Photography, Community and Memory in the Belfast Exposed Collection

Lead Research Organisation: Birmingham City University
Department Name: BIAD Visual Communication

Abstract

Founded in 1983 as a community based photography project, Belfast Exposed has a near thirty year history of working with photographers to produce and exhibit socially engaged photography, and is the city's only dedicated gallery of contemporary photography. The archival collection that has grown over this period now contains in the region of half a million photographs, covering a range of subject matter, from parades and civil disturbances to the everyday life of Belfast communities. It is this collection that provides the central focus of the project. Although in recent years BX has commissioned a small number of artistic engagements with the collection, and a relatively small number of the images have been digitised and made available online, the collection has yet to be the subject of any sustained research.

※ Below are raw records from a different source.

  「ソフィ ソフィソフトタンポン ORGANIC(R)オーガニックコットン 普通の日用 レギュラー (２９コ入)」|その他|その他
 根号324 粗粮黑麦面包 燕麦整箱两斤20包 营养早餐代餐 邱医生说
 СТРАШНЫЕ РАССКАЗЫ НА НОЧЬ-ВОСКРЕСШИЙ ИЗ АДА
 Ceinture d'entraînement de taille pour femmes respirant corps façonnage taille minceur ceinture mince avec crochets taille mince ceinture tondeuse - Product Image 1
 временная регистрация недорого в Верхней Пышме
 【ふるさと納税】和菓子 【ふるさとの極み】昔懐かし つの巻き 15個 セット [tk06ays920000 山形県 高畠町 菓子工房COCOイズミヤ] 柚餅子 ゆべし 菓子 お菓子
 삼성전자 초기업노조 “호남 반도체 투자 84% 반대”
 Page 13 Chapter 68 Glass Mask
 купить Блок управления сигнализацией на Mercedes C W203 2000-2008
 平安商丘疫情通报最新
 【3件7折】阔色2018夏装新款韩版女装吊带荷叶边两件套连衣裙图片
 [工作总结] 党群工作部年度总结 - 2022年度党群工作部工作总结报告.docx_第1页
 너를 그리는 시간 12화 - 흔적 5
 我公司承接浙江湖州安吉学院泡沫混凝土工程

The project therefore aims to do a number of things. First, to understand how the collection has developed in a changing social, cultural and political context; the history of the collection is known but not well documented. Second, to explore the contemporary cultural value of the collection for communities and audiences in Belfast and beyond. Third, to situate the work in the context of changing understandings and uses of photography, specifically in its relation to community memory and history. Fourth, to inform the organisation's strategies for the presentation and display of images from the historical collection for contemporary audiences. The project will open up a reflective space around the collection in which to explore and debate a range of issues concerning the meaning of the photographic record, its relationship to post-conflict Belfast, the responsibility of the organisation as a guardian of this visual history and its agency as producer of visions of the city.

The project will draw on theoretical literature on photography, memory and history, and academic studies of visual documentation and display in post-conflict settings elsewhere in the world, in order to contextualise the particular case of this collection and inform its interpretation. The collaboration between the academic and non-academic partners has a number of benefits. For the academic partner, the project provides an opportunity to extend a programme of research on photography. The student will have unique access to the collection and the organisation, around which they will shape a doctoral project. They will be able to bring theory and ideas derived from academic study, as they relate to photographic practice and display, into a close relationship with the challenges of practice. For the non-academic partner, the project provides the opportunity to have someone work with them on the collection; to contextualise the material through reference to comparative work elsewhere, and bring forward new ideas around its cultural significance and how this might be realised for contemporary audiences. It is anticipated that there will be a long term impact on the organisation's strategy for the collection, in addition to academic outputs.

Planned Impact

The project is deliberately structured to provide benefits for the non-academic partner, in addition to the conventional academic outputs expected of a doctoral studentship. We also believe the project has potential for impact beyond a single organisation.

Direct benefits for the non-academic partner will include:

The presence of a research student dedicated to working with the organisation's photographic archive collection. The organisation is conscious of the cultural significance of the collection, but lacks the time and resources to carry out research. The studentship fills this gap and will therefore enable the organisation to see this key resource contextualised and better exploited than otherwise possible.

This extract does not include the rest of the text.